Jim True-Frost, Cora Vander Broek, Ian Barford & Sally Murphy
Linda Vista
By Eugene Paul
Playwright
Tracy Letts and the Steppenwolf Company at their scathing best.
Linda
Vista, indeed. What’s so “Linda” about it? Okay, there’s more there than
meets the eye. Sure, designer Todd Rosenthal runs a city silhouette
overlaid with palm trees above his utterly mundane apartment that Wheeler
(Ian Barford) is moving into aided by his old bud Paul (Jim True-Frost), the
two them shlepping, shlepping while the house lights are still up and while the
late comers are still making pests of themselves squeezing past already
ensconced audience members. Director Dexter Bullard is pretty cool, his
wily Steppenwolf production already under weigh. We’ll get to figure out just
what’s so “Linda”. But he’s not going to flat out tell us.
His
actors, suitably addressed by designer Laura Bauer, are in process of
acclimating us, their audience, into seeing them more and more as
characters and less and less as actors which is a refreshing approach in view
of the fact that lots of audiences like to see their actors visibly acting. And
in this case, Wheeler is acting more smartass than usual to get beyond Paul’s
pro forma commiseration with Wheeler’s divorce. And hence, this apartment in
lieu of the house he had to give Kelly and their teen ager mystery of a son.

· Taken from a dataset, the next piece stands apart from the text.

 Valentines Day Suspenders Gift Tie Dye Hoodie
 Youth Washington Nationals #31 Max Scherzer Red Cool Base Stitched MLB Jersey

Caroline Neff, Ian Barford & Troy West
And,
god, the money. He barely makes enough to feed himself in that half ass
job he had to scrounge. Works in a camera shop, repairing cameras. His
boss, Michael (Troy West) is the awesome epitome of the Dirty Old Man, so
of course, dirty Michael has hired Anita (Caroline Neff) as his totally
unnecessary clerk, her job qualification: big boobs.
We
are either laughing or gobsmacked by Wheeler’s vituperous blue zingers as
he unleashes a barrage of epithets every time he opens his mouth in his endless
flow of assessments of his life as a middle aged divorced man with no
prospects. Which gives Paul the tiny opportunity to suggest that perhaps
he might allow Paul and Margaret to fix him up with a date? No, not a
teeny bopper, Wheeler’s fifty, a friend of Margaret’s closer to Wheeler’s
age. A real woman.
Who
turns out to be Jules (Cora Vander Broek) when we meet Paul and his wife,
Margaret (Sally Murphy) with Wheeler in this sort of karaoke club, Wheeler
disparaging everything especially himself, to Jules, who happens to be a Life
Coach with a degree in Happiness. Which invites Wheeler’s wickedest wit no
end. Except that as they get drunker, they get more charming for each
other. With Jules and Wheeler ending up in his meh aparment fornicating happily
to exhaustion.
A
block away and a couple of nights away at another Broadway theater there’s more
naked copulation, also brought into the Great White Way from Off. Or
Off-Off. Or further. Is it part and parcel of the story being told, thus
being completely natural and an improved artistic depiction? If you move
yourself in that direction you have a wobbly position when Wheeler scratches
his bare ass for a laugh. And gets it. Making him Barford, the
actor, for the moment. This is not the time to consider the entire issue
of whether or not Broadway is cashing in on what the internet has
been cashing in on for quite a while, so playwright Tracy Letts,
thoroughly aware of all the ramifications if you’ll pardon the expression
carries on nobly.
Cora Vander Broek & Ian Barford
Well,
not quite nobly. We’re dealing with utter shit Wheeler, and have
been ready to bolt until Wheeler, in describing a moment that struck him to the
heart, turns into a human being, and we’re back, fully with him, and his
interpreter. Which might be a mistake. Because Wheeler, out of the goodness of
his –well, not heart, gives house room to poor Minnie (Chantal Thuy), who is
pregnant, broke, and twenty. And cute in a tough way. And totally wrong for
Wheeler at this mid-life crisis cliché. After all, Wheeler loves
Jules, Jules loves Wheeler. But Wheeler dumps Jules. He’s got Minnie. And
a potential baby, even though he hates his own kid.
Playwright
Letts is on a roll. He’s a proven master, being a terrific actor, of
writing scenes actors cannot help but revel in and in Wheeler he is either
exorcising demons or scaring himself to death because it’s such damn, venomous,
dangerous fun. And so, Minnie dumps Wheeler. Where do we go from there? Ah,
where do we go from there.
In
countless ways the Steppenwolf Company of actors under director Bullard’s
inspired acumen runs gamuts and they are superb, with or without clothes. And
Tracy Letts gives them a feast of words for ravishing us. But you’ll hate
yourself in the morning.
Linda Vista. At Helen Hayes Second Stage Theater, 240 West 44th
Street. Tickets: $79-$149. 212-239-6200. 2hrs, 30 min. Thru Nov 10.